In last week’s post I wrote about Your Daily Record, a creative habit that resembles a free-ranging journal of thoughts and impressions in which you let the unconscious mind connect directly with the world around you through the camera. The idea I picked up from the book Zen Camera: Creative Awakening with a Daily Practice in Photography by David Ulrich. The book itself is worth looking into for anyone interested in expanding his or her photography.

Zen Camera isn’t the first photo book which draws upon Eastern philosophy in its approach to photography. Others include books such as The Practice of Contemplative Photography: Seeing the World with Fresh Eyes, Tao of Photography: Seeing Beyond Seeing and Opening The Good Eye: A Path to True Seeing, all books I can recommend even if you are not interested in Eastern Philosophy at all. They all, included Zen Camera, give you a unique and useful approach to expanding your photography.

However Zen Camera, differs from the others in that it’s more a cohesive program or a long term workshop than a book of inspiration and new ideas. David Ulrich draws on the principles of Zen practice as well as forty years of teaching photography to offer six reflective lessons for developing your self-expression as a photographer. His ambition with the book is to purify our seeing and allow our original self to emerge.

In my opinion, Ulrich largely accomplishes the objective. At least if you are willing to look beyond his sometimes a little lengthy deliberations about the meaning of it all, if you get my notion. The six lessons take you step by step from initially developing you seeing and observation skills to how to be able to reach mastery and being able to have your photography reflect whom you are as a person in grander perspective. Of course, mastery is not something you can learn by reading a book, but Ulrich’s reflections around the way to mastery are both well founded and encouraging. In fact, reading a book will not be of much help at all. You need to convert the words into skills by practicing. And Ulrich offers plenty of fun, applicable and challenging exercises.

The foundation of the “program” running as a red thread through Zen Camera is the Daily Record. All the lessons and all the exercises in each lesson can be fulfilled through the Daily Record. By working your way through the lessons and exercises you eyes will open up to seeing most likely in a different way than you are used to. It might also transform the way you perceive life, depending on your susceptibility to the Zen philosophy. At least Ulrich aims at making his thoughts valid not only for your photography but for life as such. As he write in the preface; “Zen Camera is not only about photography; it is about you. In six lessons, it guides you to cultivate creativity with the camera and all areas of your life… It helps you realize Socrates’ great directive, Know thyself, and uncover the seeds of the authentic self, hidden behind layers of conditioning and socializing”.
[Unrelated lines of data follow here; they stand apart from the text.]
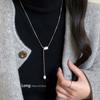 925 Silver Black Agate Necklace for Women Girl Snake Bone Chain Water Drop Jewelry Gift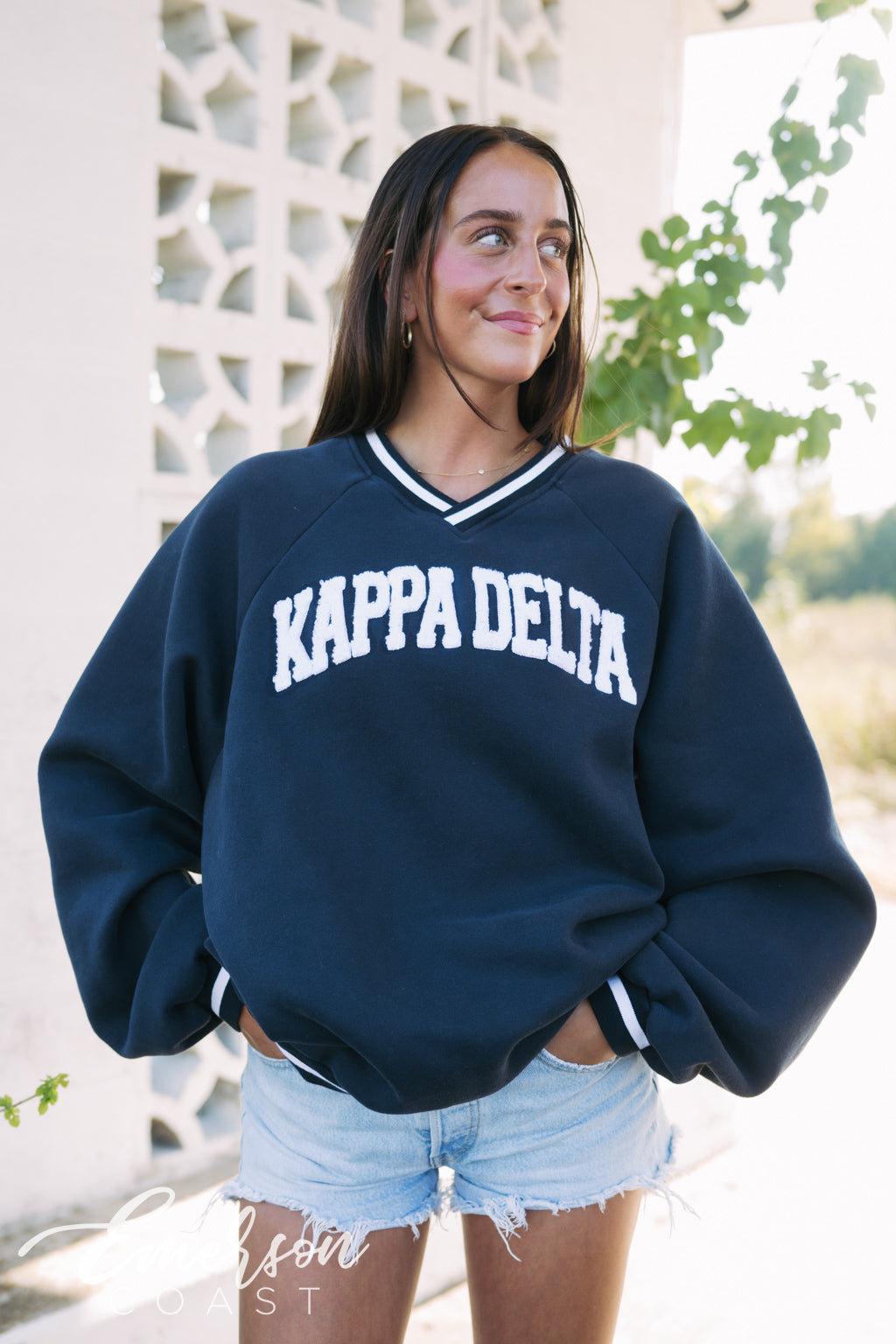 Emerson Coast Letterman Vneck Pullover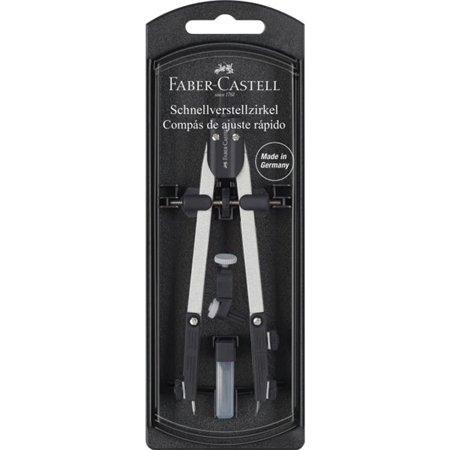 Bússola Faber-Castell com ajuste rápido - Articulações em ambos os braços - Acessórios de reposição - Adaptador universal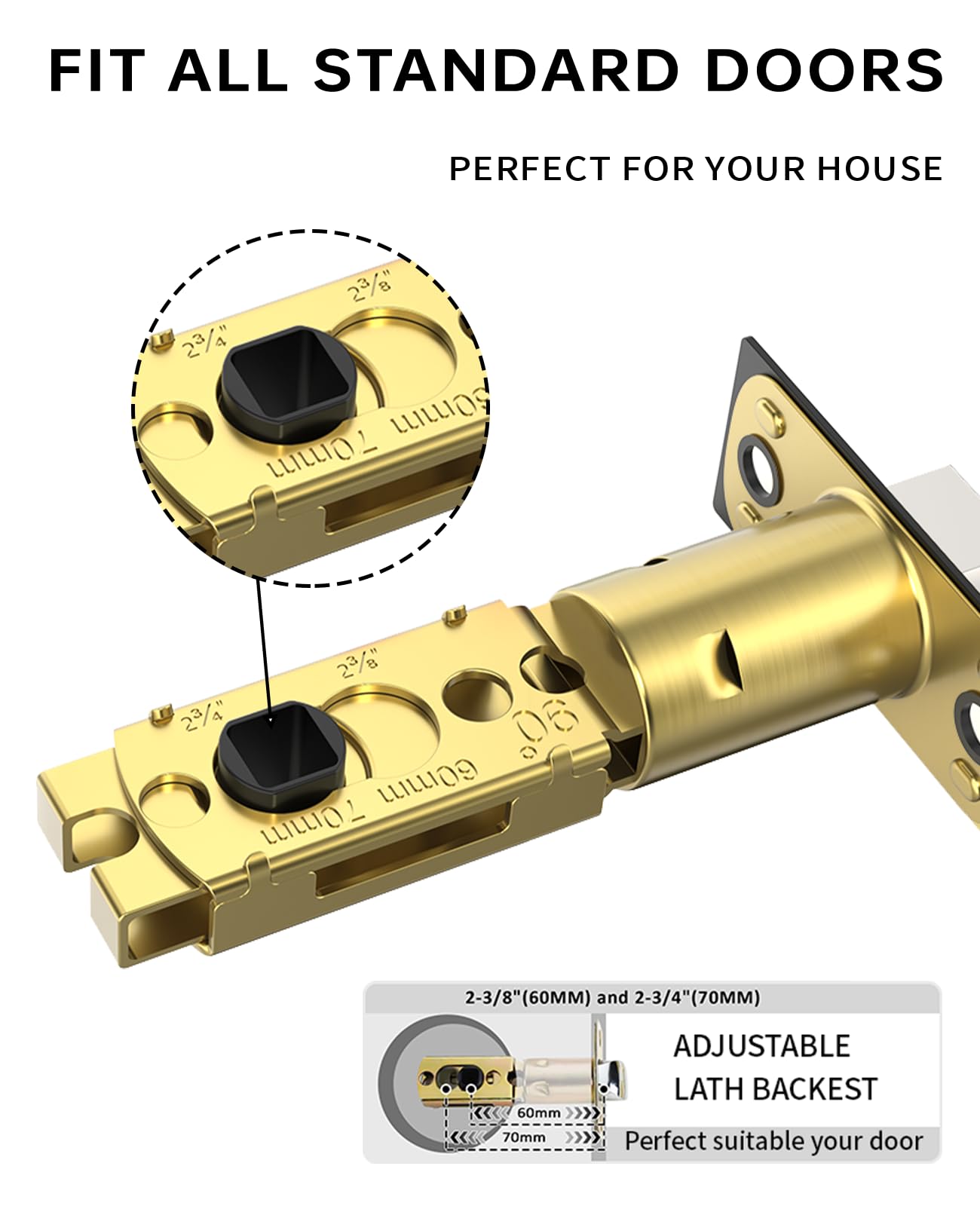 Asidrama 4 Pack Black Privacy Door Knob or Lever with Lock, Heavy Duty Reversible Interior Door Handles for Bedroom Bathroom, Left Right Sided Doors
I am not a Zen practitioner myself, and sometimes Ulrich’s deliberations around life and meaning of life seem a little too contrived to me. It’s just too much of it and a bit too woozy and lofty. However, I am sure others will have a different perception of this. The language in the book is also somewhat scholarly and studious as is evident in the quote above—which at times makes it demanding to read. Furthermore, Ulrich’s wordiness can at times be a hurdle in and of itself for fluid reading. Personally, what I find most unpleasing is his tendency towards using a flourishing languages. An example: “Freshness blooms from the beginner’s mind that has its focus in the eternal now”. For me the language distracts. I get caught up in the wording itself rather than what the words try to convey.

Despite my objections, I have no problem recommending the book. You will just have to take it for what it is. But I am quite certain that no matter how you look upon Eastern philosophy and no matter how skilled or not skilled you are, you will arrive on the other side of the book with a different and more developed approach to photography, as long as you dig into it and transform the ideas into a practical approach. Zen Camera will make you a better photographer and if you can see beyond its elusive framework, it will be both inspirational and encouraging.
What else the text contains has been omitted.